Opinion

Le retour de la Russie

3 min
Jean-François Bayart Professeur d'anthropologie et de sociologie à l'Institut des hautes études internationales et du développement (IHEID)

Après une éclipse, la Russie est de retour dans la cour des grands. Il n’est pas sûr qu’elle ait beaucoup appris en matière de démocratie et d’économie de marché. Mais la hausse des cours des matières premières lui a redonné les moyens de peser sur la marche du monde. La configuration du système international lui fournit une superbe opportunité de reprendre son rang.

Sa première arme est le gaz. L’Union européenne dépend d’elle à hauteur de 50 % de ses besoins. Le bras de fer entre Moscou et Kiev, en janvier, le lui a rappelé avec cruauté. Il s’agissait certes, pour Vladimir Poutine, de donner une correction à l’Ukraine, coupable d’émancipation, et plus généralement de rappeler à l’ordre son " étranger proche ". Les attentats malheureux qui endommagèrent le gazoduc desservant la Géorgie complétèrent le message. Mais le destinataire final de celui-ci était bien l’Europe. Les pays baltes, la Pologne, la Hongrie, la République tchèque, la Slovaquie achètent à la Russie leur gaz à hauteur de 80 % à 100 % de leurs besoins, selon les cas. L’Allemagne, l’Italie et la France en sont également tributaires pour un quart à un tiers de leur approvisionnement.

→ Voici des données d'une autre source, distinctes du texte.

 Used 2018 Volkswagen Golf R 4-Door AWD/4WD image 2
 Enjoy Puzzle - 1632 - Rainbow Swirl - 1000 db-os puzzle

D’une part, Moscou fait comprendre que ses anciens satellites, pour être entrés dans l’Otan et l’Europe, n’en ont pas fini avec elle. Le projet de gazoduc sous-marin qui reliera directement la Russie à l’Allemagne en contournant la Pologne accentuera à terme cette vulnérabilité des pays de l’est de l’Europe. L’émotion qu’il soulève à Varsovie montre l’ampleur de l’enjeu. Simultanément, Gazprom cherche à s’emparer, avec le soutien du Kremlin, du réseau de distribution du gaz en Biélorussie, en République tchèque et en Hongrie, où le groupe multiplie les investissements.

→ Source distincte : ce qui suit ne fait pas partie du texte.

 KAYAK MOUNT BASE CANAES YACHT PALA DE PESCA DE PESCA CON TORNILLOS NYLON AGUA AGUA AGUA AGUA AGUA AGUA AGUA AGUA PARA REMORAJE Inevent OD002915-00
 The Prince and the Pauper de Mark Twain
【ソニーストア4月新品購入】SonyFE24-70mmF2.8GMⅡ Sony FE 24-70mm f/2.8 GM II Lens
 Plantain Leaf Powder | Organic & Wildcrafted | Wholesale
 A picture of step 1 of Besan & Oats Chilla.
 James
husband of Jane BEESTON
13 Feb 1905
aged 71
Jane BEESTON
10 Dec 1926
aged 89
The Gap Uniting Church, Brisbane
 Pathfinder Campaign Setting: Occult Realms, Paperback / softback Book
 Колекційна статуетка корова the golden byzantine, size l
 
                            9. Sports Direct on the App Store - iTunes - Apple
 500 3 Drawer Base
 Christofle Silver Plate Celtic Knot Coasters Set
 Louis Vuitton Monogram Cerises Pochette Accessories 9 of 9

D’autre part, la Russie se lance à l’assaut de l’Europe occidentale. Gazprom, qui s’est acheté un VRP de choix en la personne de Gerhard Schröder, entend être présent dans la distribution du gaz en Belgique, en France et au Royaume-Uni. Fort de la lune de miel entre Vladimir Poutine et le gouvernement turc, le géant veut également s’implanter en Anatolie pour contrer le projet de gazoduc Caspienne-Balkans et contrôler cette voie d’approvisionnement de l’Europe, mais aussi d’Israël. Il a enfin effectué un rapprochement spectaculaire avec la Sonatrach algérienne et pourrait créer avec elle un cartel informel du gaz à destination de l’Union européenne qui prendrait celle-ci en tenailles.

Ces grandes manoeuvres énergétiques sont le soubassement d’un projet plus global. Gazprom courtise aussi la Chine. En vendant 3,5 milliards de dollars d’armes à l’Algérie, la Russie a modifié l’équilibre stratégique du Maghreb. Elle joue la carte du Hamas au Proche-Orient et s’oppose aux sanctions contre l’Iran. C’est dans ce contexte qu’il faut replacer l’incapacité de l’Europe à gérer l’adhésion de la Turquie, son illusion de pouvoir bloquer l’option nucléaire de Téhéran, l’inanité de son partenariat avec les pays du sud de la Méditerranée. Les friches finissent toujours par susciter la convoitise des prédateurs.